Summary
“Fight Time” gives Max his toughest battle yet, but he has to decide if it’s one he’s ready for.
This recap of New Amsterdam season 3, episode 13, “Fight Time”, contains spoilers.
Everyone hates their in-laws, but Max Goodwin has more reasons to than most of us. As we learned in last week’s episode, Georgia’s insufferable parents are seeking full custody of Luna, and they’re insistent that Max’s focus on work makes him an unfit father. Max’s lawyer is all of us in laughing their accusations off. Max is a loving father who also happens to be the medical director of a public hospital in the middle of a global health crisis. No judge in the land would condemn him for saving as many lives as he has, even if the cost of saving them has been closeness with his daughter. It’s ridiculous that anyone would side with Georgia’s parents here.
This is partly why I’ve never gotten along with this subplot. It’s a reach.
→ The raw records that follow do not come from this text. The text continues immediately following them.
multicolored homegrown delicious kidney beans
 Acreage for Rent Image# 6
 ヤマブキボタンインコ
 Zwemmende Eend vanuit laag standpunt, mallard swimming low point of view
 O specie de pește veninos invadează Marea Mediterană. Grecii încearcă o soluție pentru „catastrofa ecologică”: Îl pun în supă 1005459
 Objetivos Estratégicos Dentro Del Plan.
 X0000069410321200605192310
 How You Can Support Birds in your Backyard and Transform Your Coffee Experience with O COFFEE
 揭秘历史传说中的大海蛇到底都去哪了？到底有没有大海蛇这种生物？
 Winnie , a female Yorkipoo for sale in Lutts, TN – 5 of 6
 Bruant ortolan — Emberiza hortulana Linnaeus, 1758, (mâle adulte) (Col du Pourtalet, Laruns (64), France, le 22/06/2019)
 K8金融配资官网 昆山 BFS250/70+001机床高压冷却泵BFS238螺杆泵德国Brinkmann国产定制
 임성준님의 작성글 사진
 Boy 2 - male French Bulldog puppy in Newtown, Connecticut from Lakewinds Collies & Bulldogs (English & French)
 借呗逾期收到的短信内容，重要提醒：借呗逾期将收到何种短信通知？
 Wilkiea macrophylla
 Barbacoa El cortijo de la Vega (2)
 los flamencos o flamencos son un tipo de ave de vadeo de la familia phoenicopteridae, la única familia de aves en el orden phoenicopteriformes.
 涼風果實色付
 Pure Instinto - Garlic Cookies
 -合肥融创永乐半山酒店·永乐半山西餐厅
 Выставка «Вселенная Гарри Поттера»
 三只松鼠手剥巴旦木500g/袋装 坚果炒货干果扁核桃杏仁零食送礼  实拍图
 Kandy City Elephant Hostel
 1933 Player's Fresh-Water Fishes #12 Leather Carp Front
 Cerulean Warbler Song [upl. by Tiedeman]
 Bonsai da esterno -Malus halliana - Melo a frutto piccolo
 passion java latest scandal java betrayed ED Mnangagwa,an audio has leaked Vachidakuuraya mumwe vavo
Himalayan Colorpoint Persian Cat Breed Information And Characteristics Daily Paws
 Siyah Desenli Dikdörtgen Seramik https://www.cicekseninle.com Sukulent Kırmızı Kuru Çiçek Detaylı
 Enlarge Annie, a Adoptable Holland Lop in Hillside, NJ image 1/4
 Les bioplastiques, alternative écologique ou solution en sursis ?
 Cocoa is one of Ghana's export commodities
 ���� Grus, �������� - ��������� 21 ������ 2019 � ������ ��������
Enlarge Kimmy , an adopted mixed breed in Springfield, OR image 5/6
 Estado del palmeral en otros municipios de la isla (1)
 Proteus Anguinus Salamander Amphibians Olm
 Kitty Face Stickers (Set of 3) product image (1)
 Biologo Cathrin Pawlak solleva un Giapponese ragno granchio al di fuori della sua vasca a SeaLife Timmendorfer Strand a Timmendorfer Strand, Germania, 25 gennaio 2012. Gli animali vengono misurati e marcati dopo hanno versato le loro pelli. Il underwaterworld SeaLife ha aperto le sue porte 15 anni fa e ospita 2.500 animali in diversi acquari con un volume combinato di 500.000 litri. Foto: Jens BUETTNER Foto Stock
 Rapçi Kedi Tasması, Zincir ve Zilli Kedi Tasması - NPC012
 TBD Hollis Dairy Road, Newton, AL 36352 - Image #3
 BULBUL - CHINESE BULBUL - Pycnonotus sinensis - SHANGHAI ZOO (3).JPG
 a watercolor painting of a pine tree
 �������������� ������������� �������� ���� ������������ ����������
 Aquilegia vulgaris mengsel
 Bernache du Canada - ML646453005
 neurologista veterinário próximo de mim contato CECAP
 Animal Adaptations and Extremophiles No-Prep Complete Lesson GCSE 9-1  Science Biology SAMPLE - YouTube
It’s drama for its own sake, something to force Max into rigorously self-examining, even though all of his subplots thus far have done that too. He already knows that he can’t be a dedicated father while single-handedly trying to end systemic racism and such. His argument that nobody, including Luna, will be safe until everyone else is safe, is the same idealistic big-picture argument he has applied to every problem he has come across throughout the season, and presumably throughout his career. We get it.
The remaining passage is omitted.